Le tiroir des romans disparus.

 La jouissance ne dure qu’un temps. J’avais aimé voir Charlotte se mettre en danger plus que je l’avais jamais vu faire, mais cette projection pouvait mal tourner, c’était palpable. Et je n’étais pas épargné : après tout, que venais-je de faire, sinon de suivre quelqu’un dans l’inconnu ? Se pouvait-il que Charlotte ait posé la question juste pour que j’y réfléchisse, que je me demande pourquoi je ne l’avais pas suivie elle quand il en était temps. Il y a dix ans. Qu’elle ait organisé ce dîner pour que d’autres répondent à une question qu’elle se posait ? Après tout, rien ne paraissait plus irréel que ce dîner de six personnes n’ayant aucune connexion antérieure, en dehors de celle qui les reliait à Charlotte. Qui ne se reverraient peut-être jamais. Les codes sociaux ne sont pas les mêmes selon qu’il y a des enjeux ou pas dans les relations à venir… Je chassai à la seconde une mélancolie qui n’avait plus de sens : Charlotte m’eût suivi moi, je n’aurais pas su quoi lui dire de plus que tout ce qu’on avait échangé : des lettres, des serments, des postures que le temps avait méticuleusement détruits sans qu’on pût rien y faire. Les mots de Nizan  sur « le temps détruit » - celui qu’il passe sans elle, à l’armée, alors qu’il a envie de la voir – ne sont valables que parce qu’il est mort avant qu’il l’ait revue, comme est mort le seul amour de Julie sans même qu’elle le vît une dernière fois.

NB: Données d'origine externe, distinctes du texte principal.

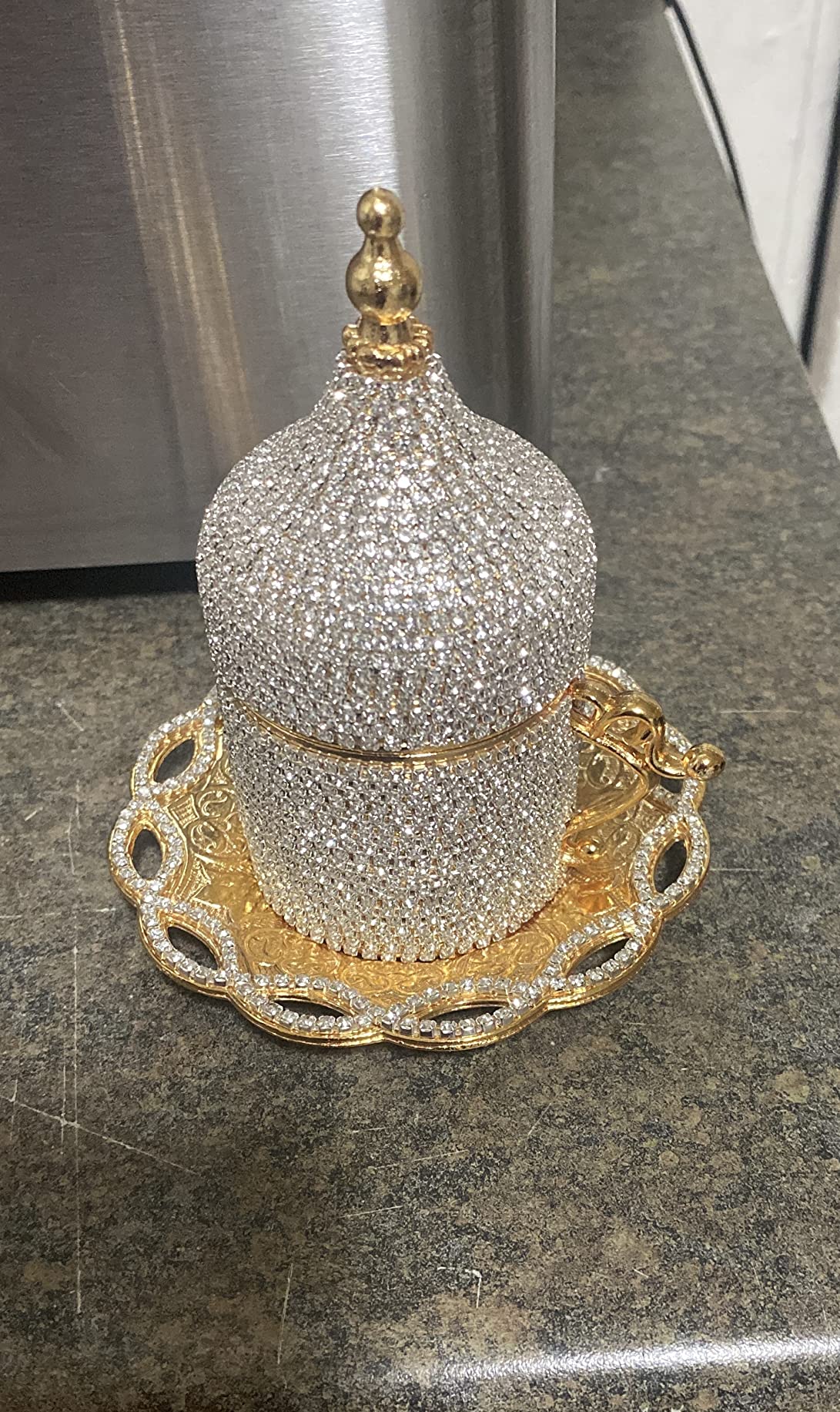 DEMMEX Turkish Coffee & Espresso Cup, Fancy Turkish Greek Arabic Coffee Cup with Inner Porcelain, Metal Holder, Saucer and Lid, Handmade with Crystals, 2 Oz - 60ml (Gold with Crystals) customer photo 2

Je chassai cette mélancolie qui n’en était pas une : j’avais aussi construit ma vie, ma carrière, ma famille, dans cette voie parallèle à celle que nous aurions pu vivre ; je l’avais ancrée, cette vie-là, dans une réalité tangible, une démarche, toutes proportions gardées, similaires à celle de Julie : j’étais revenu à des amours plus calmes mais plus cohérentes. Ce n’était pas le spleen qui me taraudait, ni même le décalage qu’une journée de transport me faisait sentir : juste l’impression étrange que Charlotte n’avait pas posé cette question au hasard et que chacun de nous avait été pressenti pour y apporter des éléments de réponse. C’est pour cela que la jouissance ne dure qu’un temps : parce que les étapes du vestibule et de l’apéritif nous y conduisent mais que, comme le quotidien survit aux ébats amoureux les plus passionnés, les enjeux succèdent aux apparences les plus urbaines. Charlotte nous manipulait : la question restait de savoir dans quel but.